If you run a reflection-based or self-improving agent and you cannot produce those two curves, your audit position is that you signed off on attempt one and have no documented account of everything the agent did after. That is the position most teams are in right now. The bounded skill prompt that Lin et al.'s reflector rewrites round over round is, in production terms, an unversioned, self-editing configuration artefact. NCSC guidance on AI security and the ICO's accountability principle both want you to know what your system's controlling configuration is and who changed it. A reflector LLM rewriting its own skill prompt is a change you currently can't attribute to anyone.

Producer is not the same as guardian. The reflector that refines the skill is the producer. Nothing in the IDC harness audits the reflector. That separation, an independent observer of the self-improvement process, is the piece the substrate layer is missing.

§4What this means if you are building agent infrastructure

Concretely: if you are building a runtime for agents that reflect, retry or self-edit, you should be capturing an improvement-dynamics record as a first-class artefact, not a debugging side-effect. Three columns: starting behaviour, the trajectory of each self-modification with the diff to the controlling prompt, and a periodic held-out evaluation that the agent has never tuned against. Lin et al. have shown the third one is where the lie hides. An agent that looks like it's getting better round over round can be getting better only at the rounds it can see.

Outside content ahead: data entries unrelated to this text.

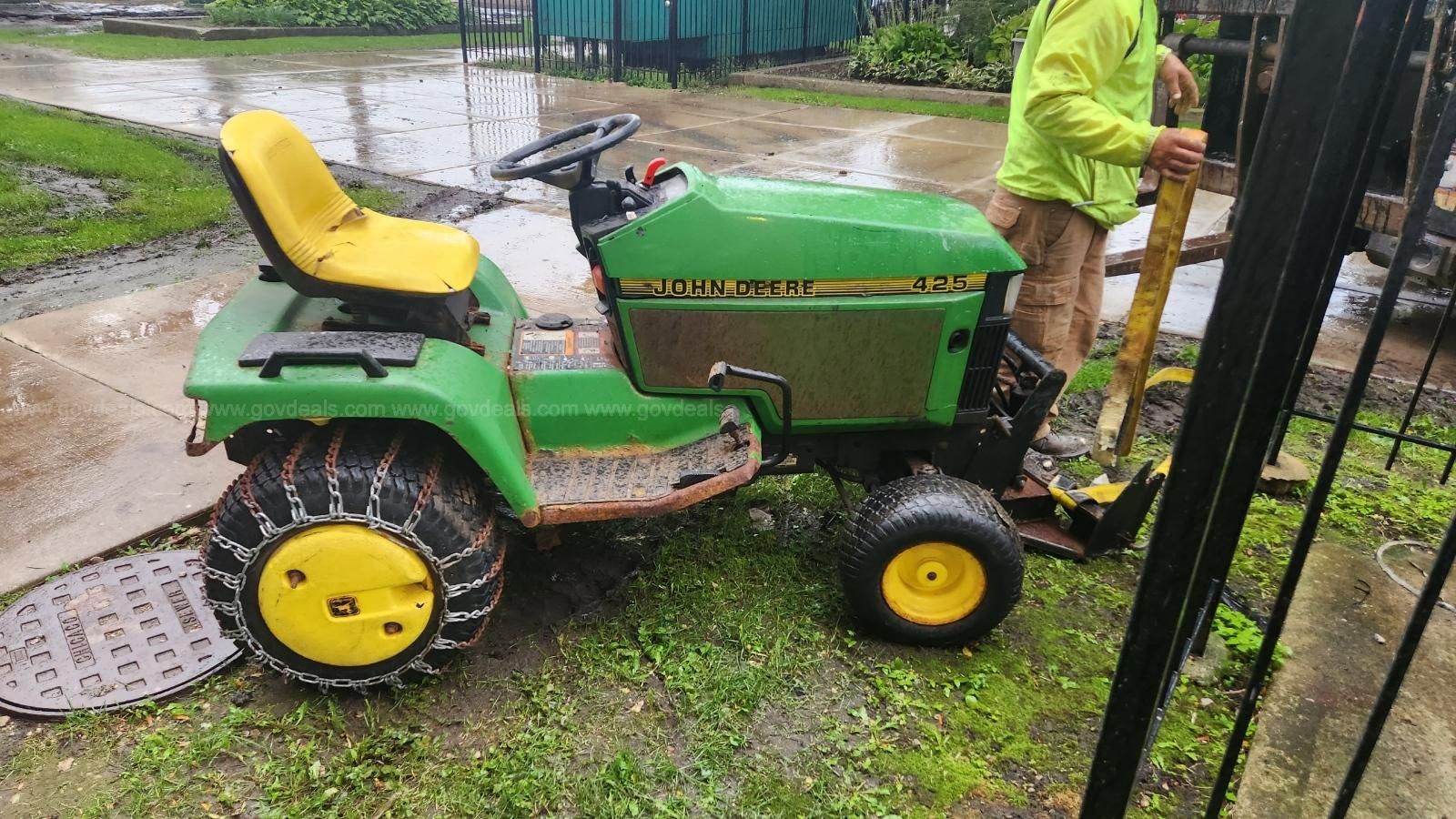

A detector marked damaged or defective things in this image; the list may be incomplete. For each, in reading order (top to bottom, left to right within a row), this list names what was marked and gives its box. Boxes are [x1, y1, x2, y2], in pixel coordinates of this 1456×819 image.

rust on frame [535, 439, 761, 528] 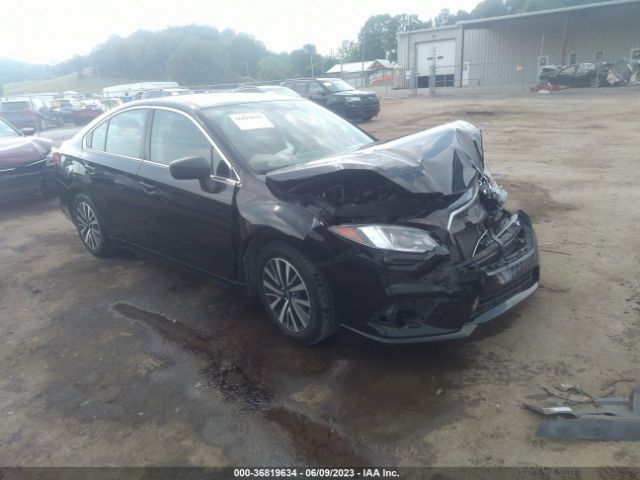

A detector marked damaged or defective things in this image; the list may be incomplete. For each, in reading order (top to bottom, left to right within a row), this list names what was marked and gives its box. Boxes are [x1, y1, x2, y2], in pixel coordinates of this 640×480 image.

crumpled hood [0, 136, 52, 170]
crumpled hood [266, 120, 484, 195]
broken headlight [330, 226, 440, 253]
severe front damage [262, 122, 536, 344]
damaged bumper [324, 212, 540, 344] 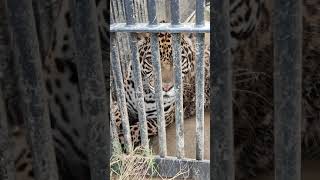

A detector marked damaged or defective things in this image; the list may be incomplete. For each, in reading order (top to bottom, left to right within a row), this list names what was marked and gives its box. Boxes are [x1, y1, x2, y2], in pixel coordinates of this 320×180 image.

rusty metal bar [5, 0, 58, 179]
rusty metal bar [71, 0, 109, 178]
rusty metal bar [124, 0, 151, 148]
rusty metal bar [148, 0, 168, 158]
rusty metal bar [211, 0, 234, 179]
rusty metal bar [272, 0, 302, 179] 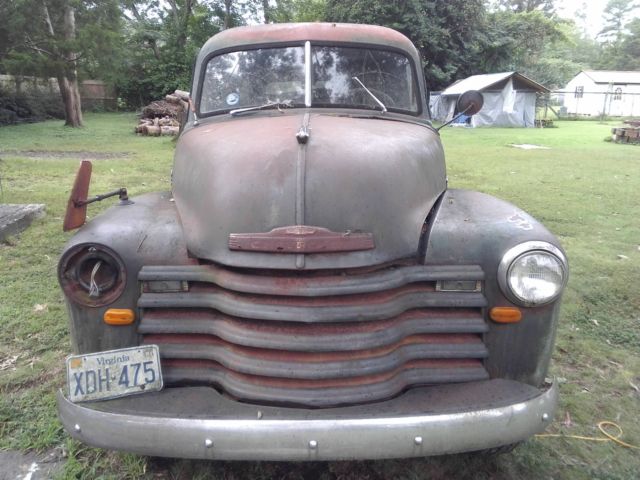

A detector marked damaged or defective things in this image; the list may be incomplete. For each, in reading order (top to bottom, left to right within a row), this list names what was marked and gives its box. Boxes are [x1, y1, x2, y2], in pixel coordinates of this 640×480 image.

rusty truck hood [172, 112, 448, 270]
rusted grille slat [139, 262, 480, 296]
rusted grille slat [161, 358, 490, 406] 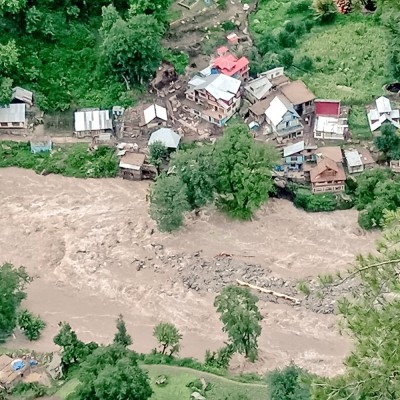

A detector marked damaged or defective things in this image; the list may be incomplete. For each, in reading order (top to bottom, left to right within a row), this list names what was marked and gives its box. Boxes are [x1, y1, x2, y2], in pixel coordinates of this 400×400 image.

damaged house [184, 73, 241, 126] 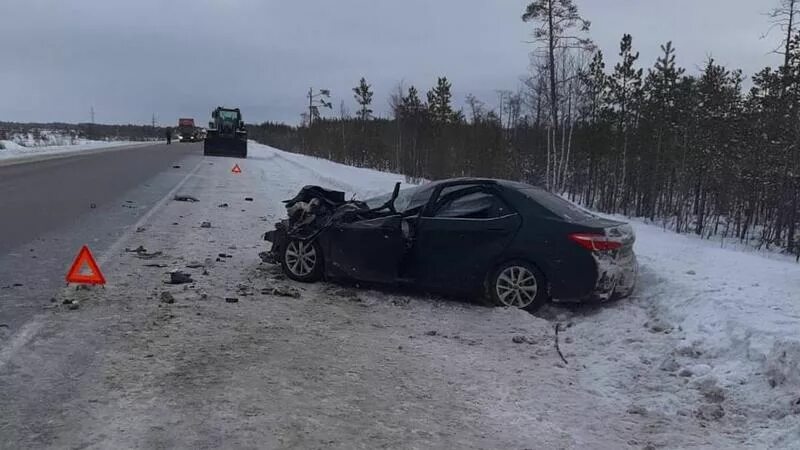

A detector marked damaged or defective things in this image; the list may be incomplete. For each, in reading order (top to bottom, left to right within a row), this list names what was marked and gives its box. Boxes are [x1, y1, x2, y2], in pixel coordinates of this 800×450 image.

severely damaged car [264, 178, 636, 312]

The held-out test is the cheap control and it is the one teams skip, because reflection loops are usually evaluated on the same distribution they train against within a session. Borrow OmniGameArena's discipline: every time the agent refines its skill, re-test on variants it has not touched, and log the gap. If the gap widens while the in-loop score climbs, your agent is overfitting to its own reflection and your audit trail should say so loudly.

§5What the paper does not solve

OmniGameArena is a benchmark of games, and the authors are honest that it is. The reflector LLM, the bounded skill prompt and the held-out variants are all defined inside game environments with clean reward signals and unified action interfaces. Regulated workflows have none of that: the reward is ambiguous, the action space is open, and "held-out variant" is not a thing you can synthesise by tweaking a UE5 level. So the IDC machinery does not transfer as-is. What transfers is the observable, the insistence that you measure the trajectory and the transfer, not the snapshot.

The paper also does not audit its own reflector. IDC measures the outcome of self-improvement; it does not constrain or verify the reflector's edits to the skill prompt. For a game that's fine. For a regulated agent, an unsupervised LLM rewriting the controlling configuration of another LLM, with no independent check, is exactly the thing a governance regime is supposed to prevent. And IDC reports curves for only the four top agents under reflection, so the dynamics for the long tail of weaker agents, the ones more likely to overfit their reflection loop, are unmeasured. The principle is right. The coverage and the guardrail are the work that's left.


Methodology note. This Note takes OmniGameArena (arXiv:2606.09826) as a game benchmark whose real contribution is an audit observable in disguise. Triggers: substrate-relevant (the Improvement Dynamics Curve measures how self-reflecting agents change after first contact, the exact gap production governance ignores); non-duplicative (we read past the leaderboard to the IDC harness and its held-out variant test); regulated-buyer link (FCA SS1/23 and ICO accountability both assume you can describe and monitor behaviour over time, which a cold-start score cannot). Forthcoming: a Workloft pattern for logging improvement-dynamics records as first-class audit artefacts, with an independent reflector-edit observer.